Bacteriophage lambda gt11 has been used quite extensively for producing cDNA libraries. The cDNA inserts are usually subcloned into a plasmid vector for large scale production and analysis. However, isolating the recombinant DNA of interest from the phage clones can be a tedious task. Since the E. coli strain Y1088 used for lambda gt11 phage infection carries a pBR322-derived plasmid endogenously, we reasoned that this endogenous plasmid could be used directly for cloning the cDNA phage insert. In this report, we describe a method in which cDNA inserts from lambda gt11 phage were cloned directly into the pBR322 plasmid vector, bypassing the time-consuming procedures of preparing plasmid DNA as a subcloning vector. This method is likely to be extended to the cloning of DNA inserts derived from other phage lambda vectors when bacteria containing endogenous pBR322 are used as host cells.

Cloning of the gene coding for human class 1 heparin-binding growth factor and its expression in fetal tissues.

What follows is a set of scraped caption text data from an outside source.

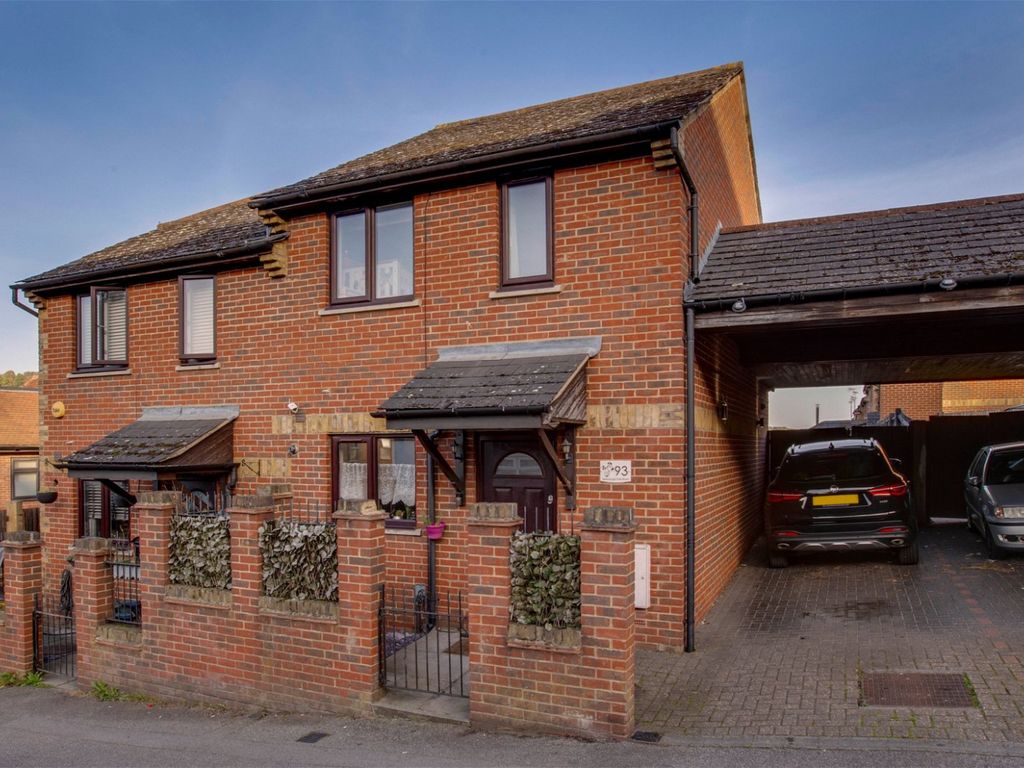 2 bed semidetached house for sale in Desborough Park Road, High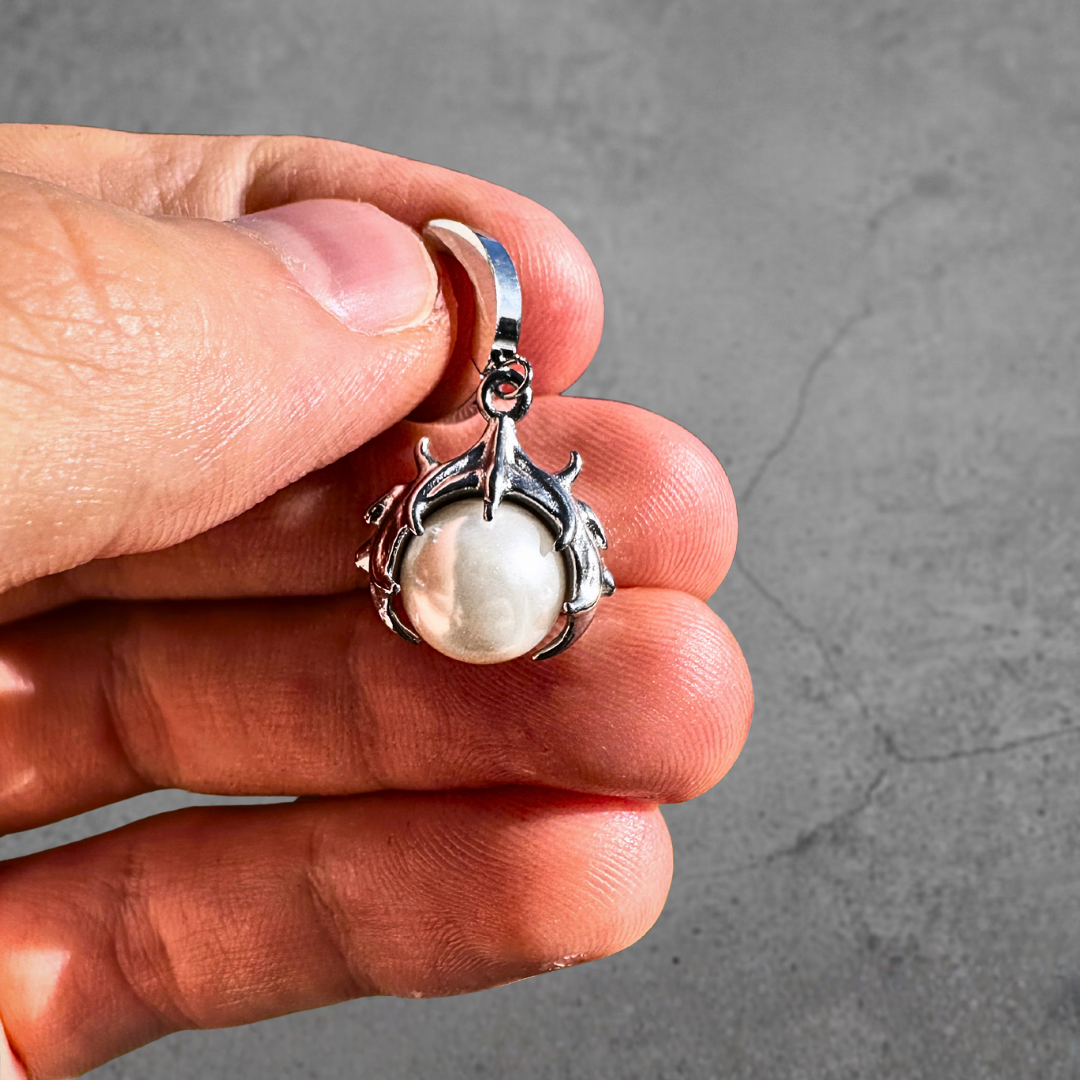 Talon Pearl - Earrings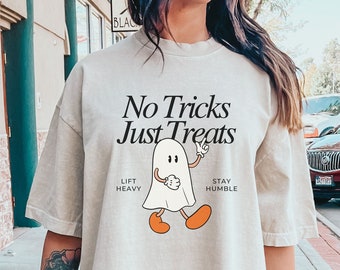 Retro ghost gym shirts for weight lifting, Halloween workout tshirt gift for workout, Trick or treat pump cover t shirt for bodybuilding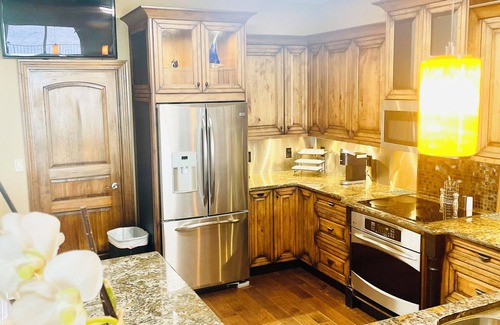 Ono Island Condo | Charming 2-bedroom condo with a Waterfront View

We have identified four overlapping genomic DNA clones coding for human class 1 heparin-binding growth factor (HBGF-1), also known as acidic fibroblast growth factor, by screening genomic DNA libraries with an HBGF-1 cDNA probe. The exon-intron structure of the HBGF-1 gene was determined by Southern hybridization and nucleotide sequence analysis. The complete amino acid sequence of human HBGF-1 was deduced from the nucleotide sequence of these genomic DNA clones. The predicted amino acid sequence is identical to the published amino acid sequence determined by protein sequencing. Southern blot analysis of human DNA suggested that there is a single-copy gene coding for HBGF-1. A 4.5-kilobase mRNA and two minor species (3.4 and 2.0 kilobases) homologous to the HBGF-1 gene were detected in cellular RNA isolated from human adult brain and kidney. The HBGF-1 mRNAs from brain and kidney had slightly different sizes. The mechanism for the synthesis of different sizes of mRNA was not determined. We also detected HBGF-1 transcript from glioblastoma cells, fetal brain, and kidney but not from placenta or fetal liver. Since HBGF-1 is an angiogenic factor, these data suggest that it may play a role in embryonic angiogenesis during fetal development.